Data for processing: Begin
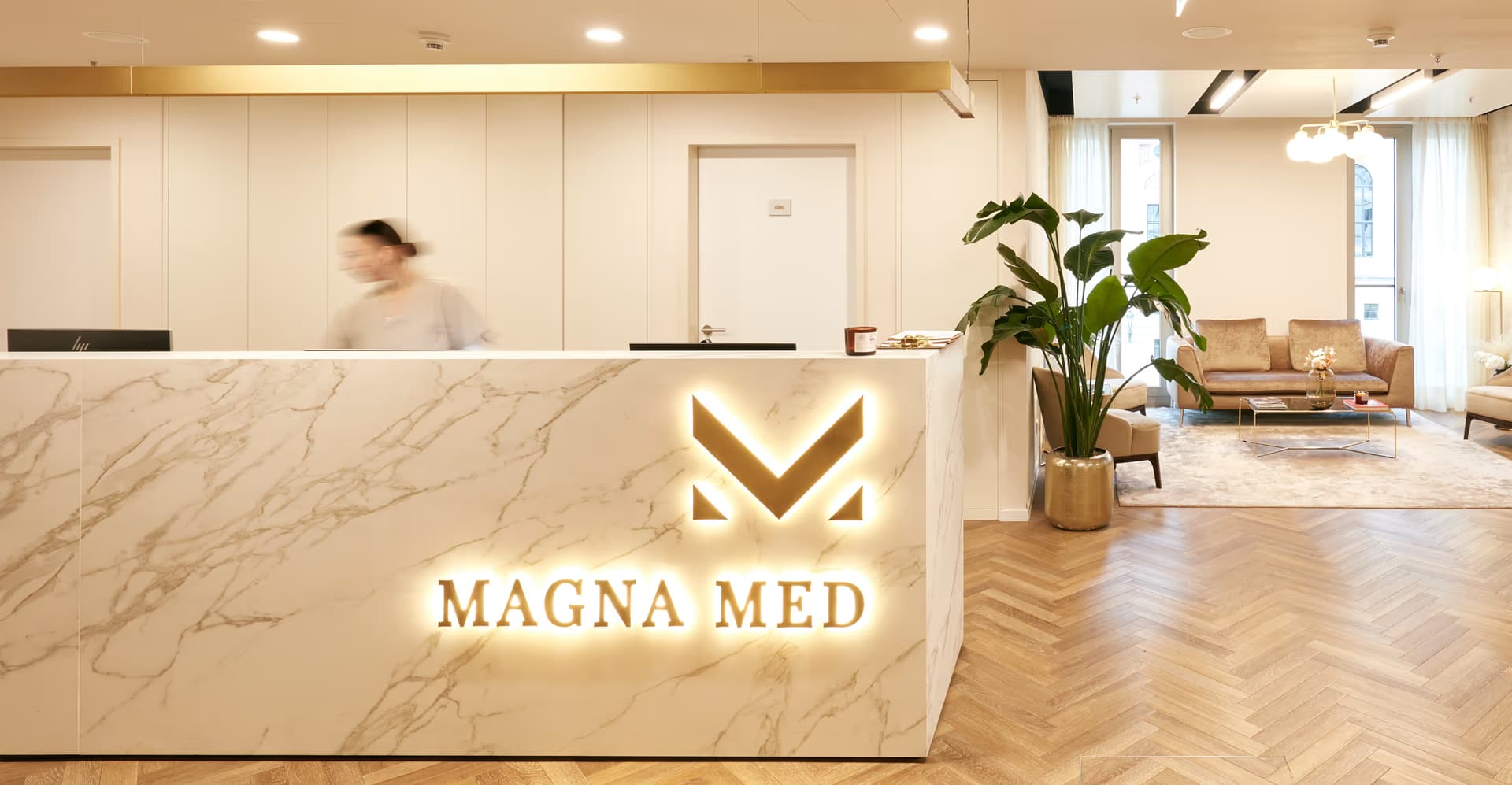 Moderne Praxisräume von Magna Med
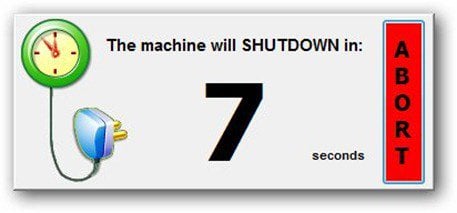 timed shutdown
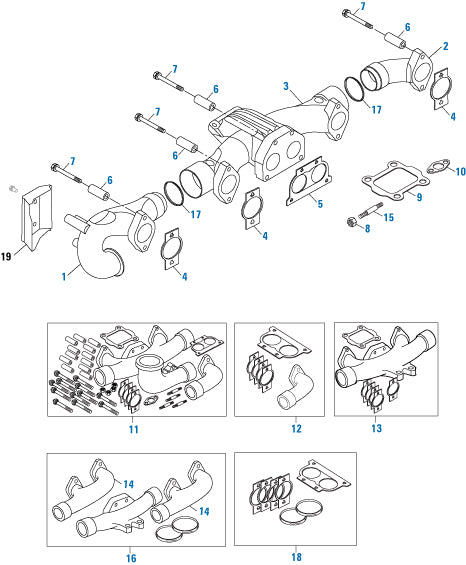 PAI Industries - Cummins Engine
Exhaust Manifold w/ EGR - ISX Series | woodlineparts.com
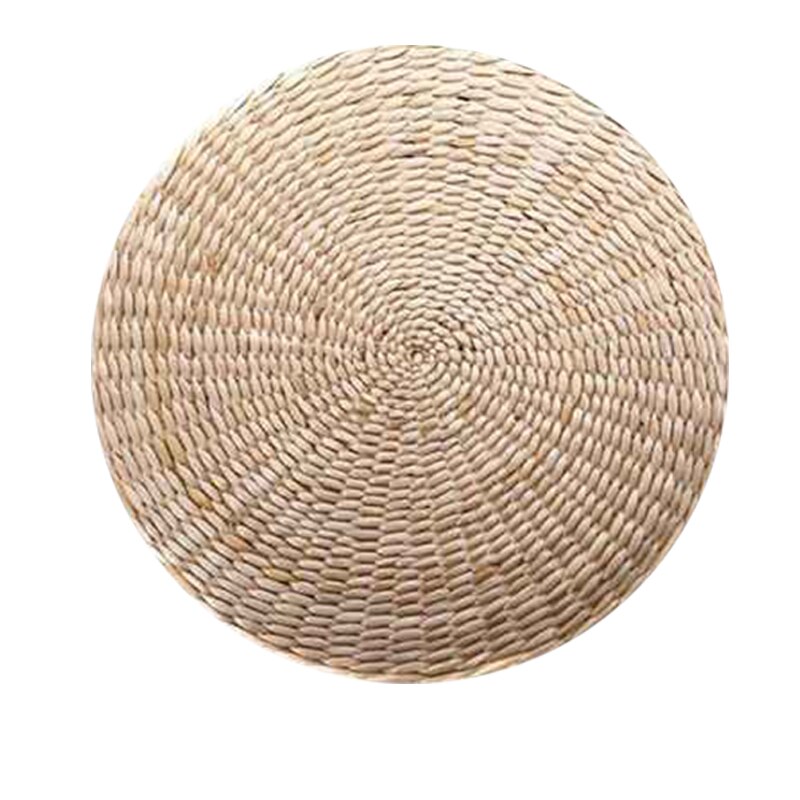 Tatami golvkudde sittdyna, runt vadderat rum golv halm matta för utomhus inomhus sits (11.8 tum  x 4.2 tum)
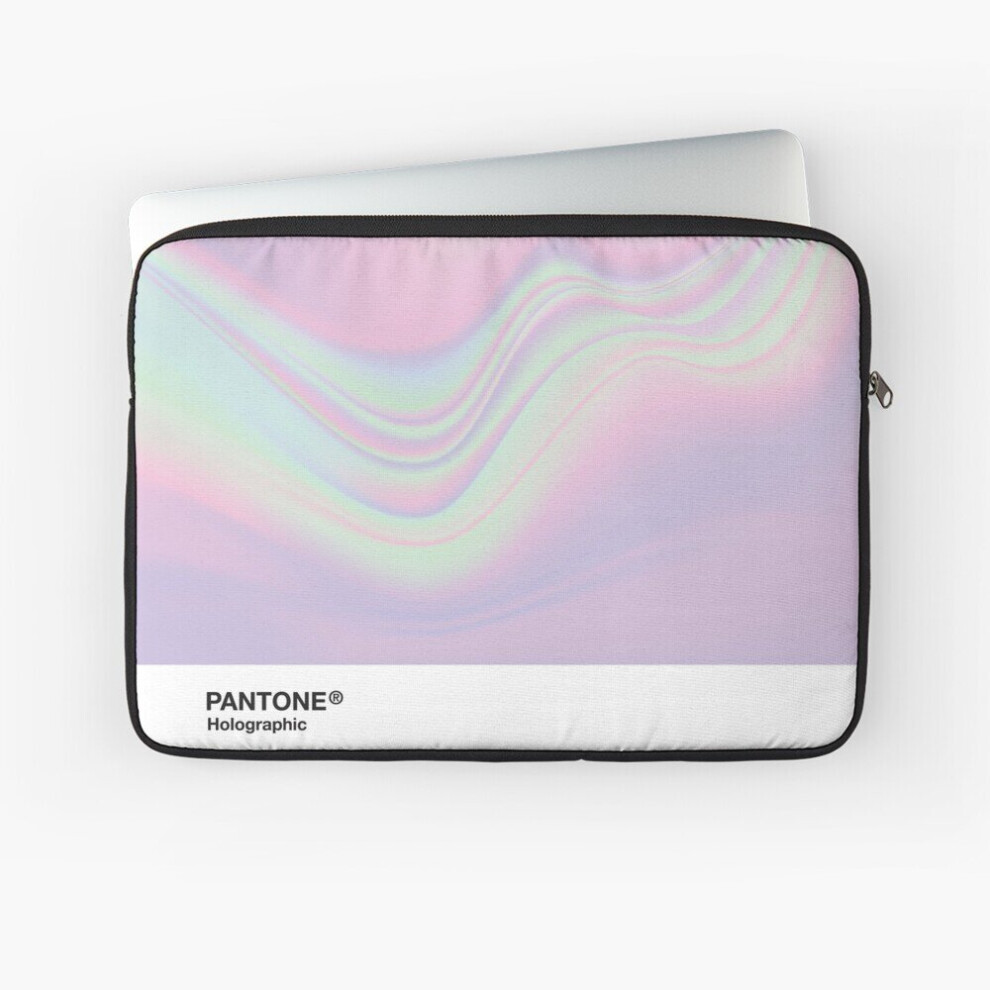 Laptop Sleeve Hipab - Holographic Iridescent Pantone Aesthetic Background 10 12 13 15 17 Inch Case Notebook Tablet Carrying Bag Cover 7802738413816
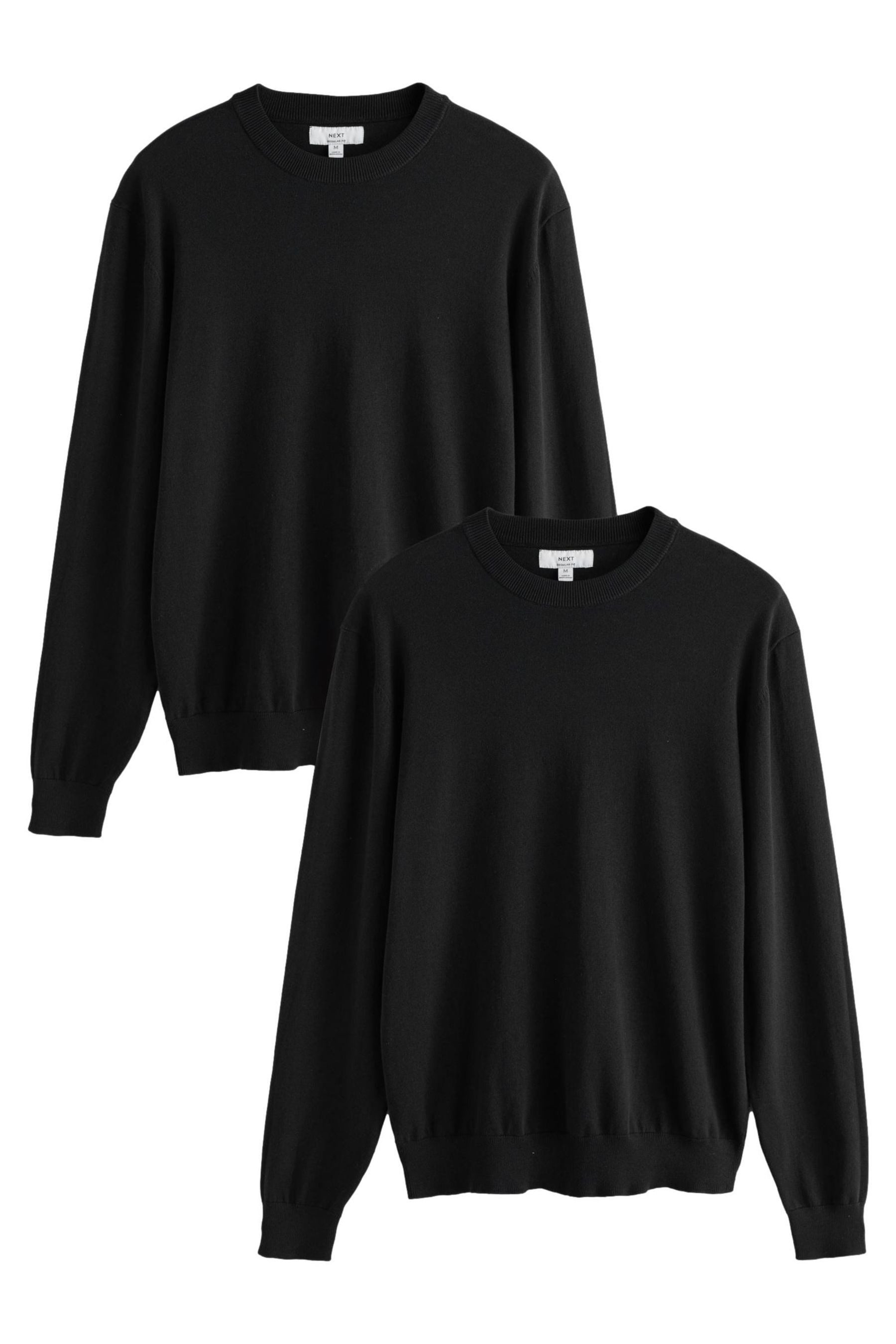 Next Strickpullover Regular Fit Rundhals-Pullover, 2er-Pack (2-tlg)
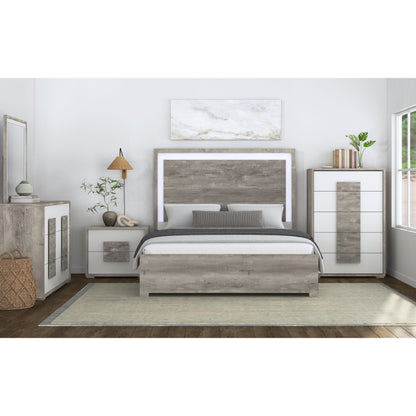San Matteo - 2-Drawer Nightstand With USB - Gray
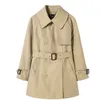 Women Trench Coats Designer Luksusowe kobiety Kurtka wiatrówka luźna płaszcz paska żeńska swobodna krótka płaszcz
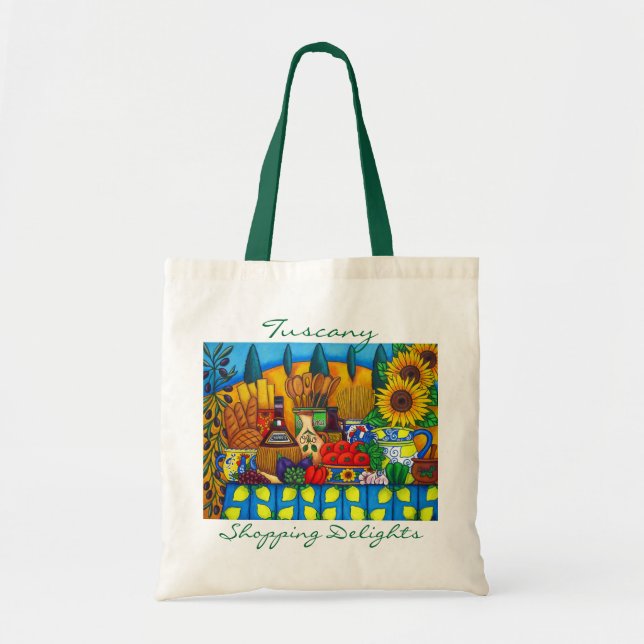 Tuscany Delights Shopping Bag by Lisa Lorenz (Front)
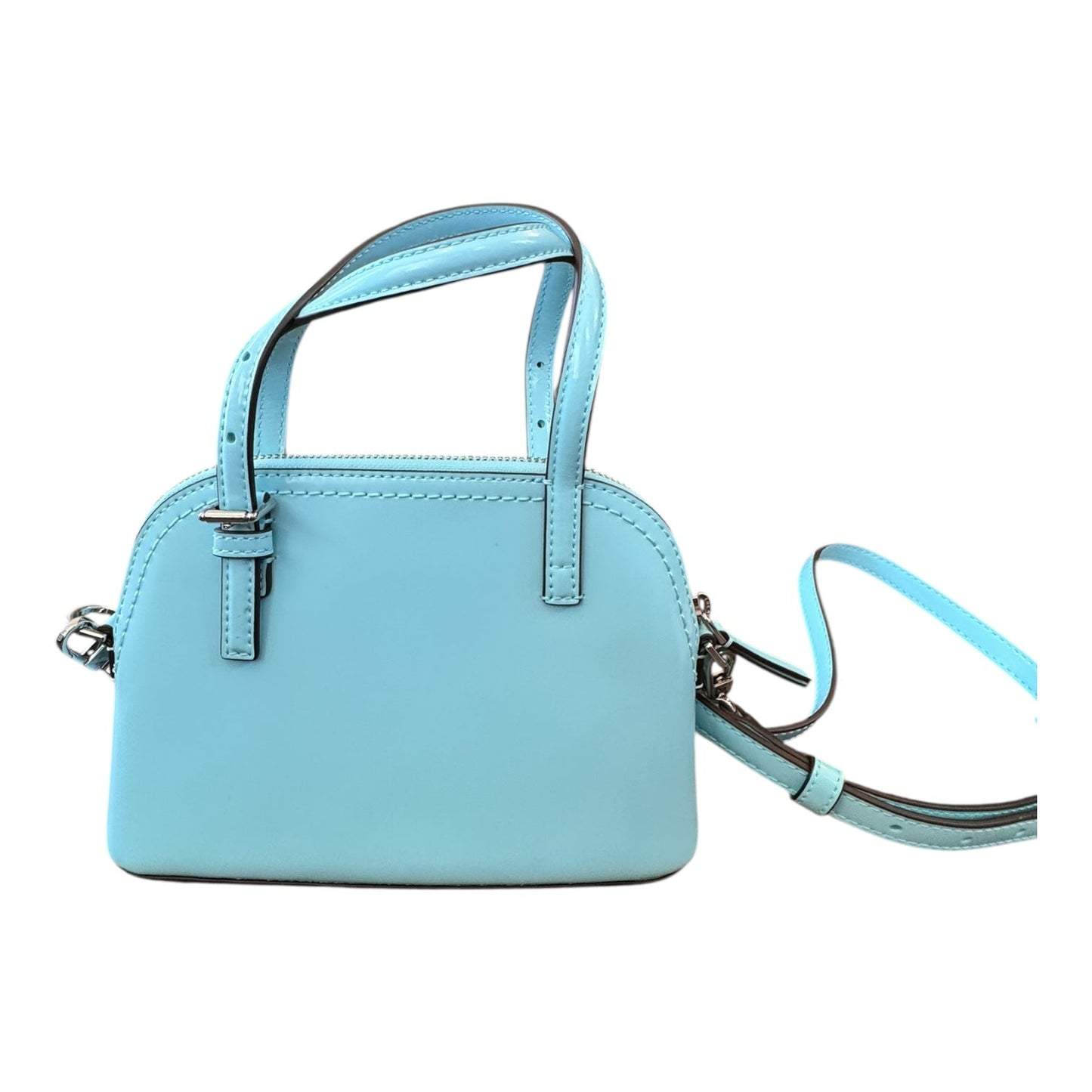 Handbag Designer By Tory Burch In Baby Blue, Size:Small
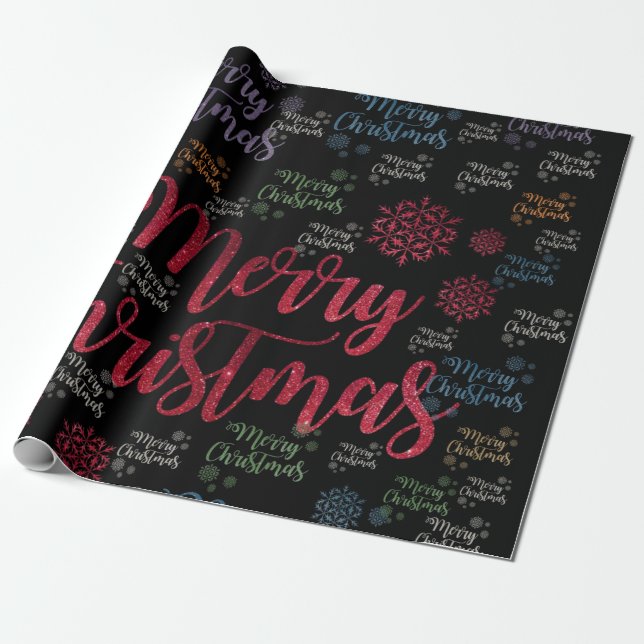 Papier cadeau Joyeux Noël (Déroulé)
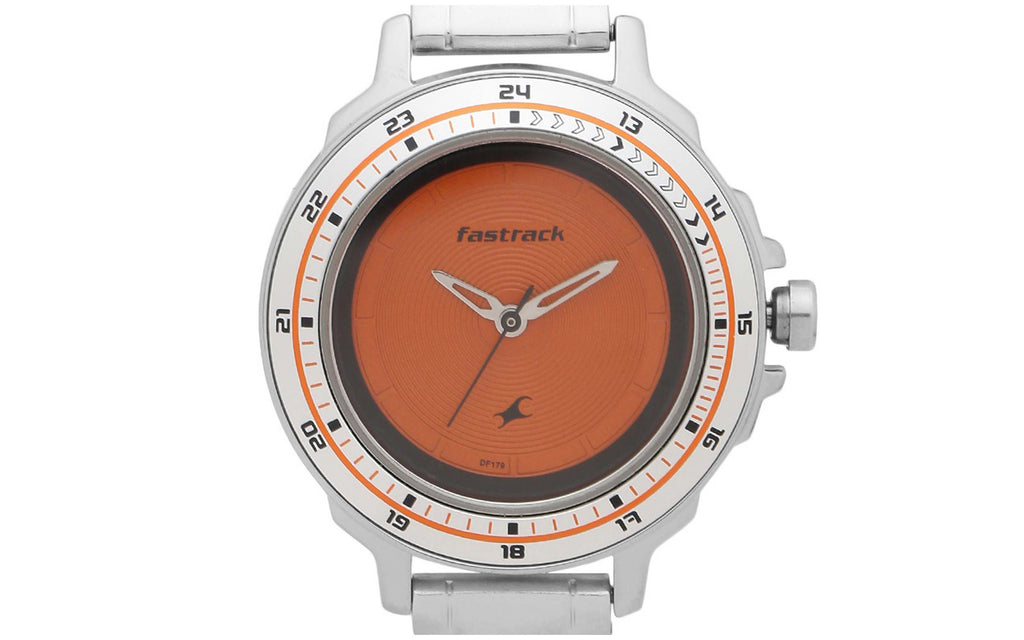 Fastrack 6135SM02C Orange Metal Analog Women's Watch | Watch | Better Vision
Data for processing: End
Task goal: When you reproduce the entries above, keep every word exactly and leave out each picture.

Response area:
 Moderne Praxisräume von Magna Med
 timed shutdown
 PAI Industries - Cummins Engine
Exhaust Manifold w/ EGR - ISX Series | woodlineparts.com
 Tatami golvkudde sittdyna, runt vadderat rum golv halm matta för utomhus inomhus sits (11.8 tum  x 4.2 tum)
 Laptop Sleeve Hipab - Holographic Iridescent Pantone Aesthetic Background 10 12 13 15 17 Inch Case Notebook Tablet Carrying Bag Cover 7802738413816
 Next Strickpullover Regular Fit Rundhals-Pullover, 2er-Pack (2-tlg)
San Matteo - 2-Drawer Nightstand With USB - Gray
 Women Trench Coats Designer Luksusowe kobiety Kurtka wiatrówka luźna płaszcz paska żeńska swobodna krótka płaszcz
 Tuscany Delights Shopping Bag by Lisa Lorenz (Front)
 Handbag Designer By Tory Burch In Baby Blue, Size:Small
 Papier cadeau Joyeux Noël (Déroulé)
 Fastrack 6135SM02C Orange Metal Analog Women's Watch | Watch | Better Vision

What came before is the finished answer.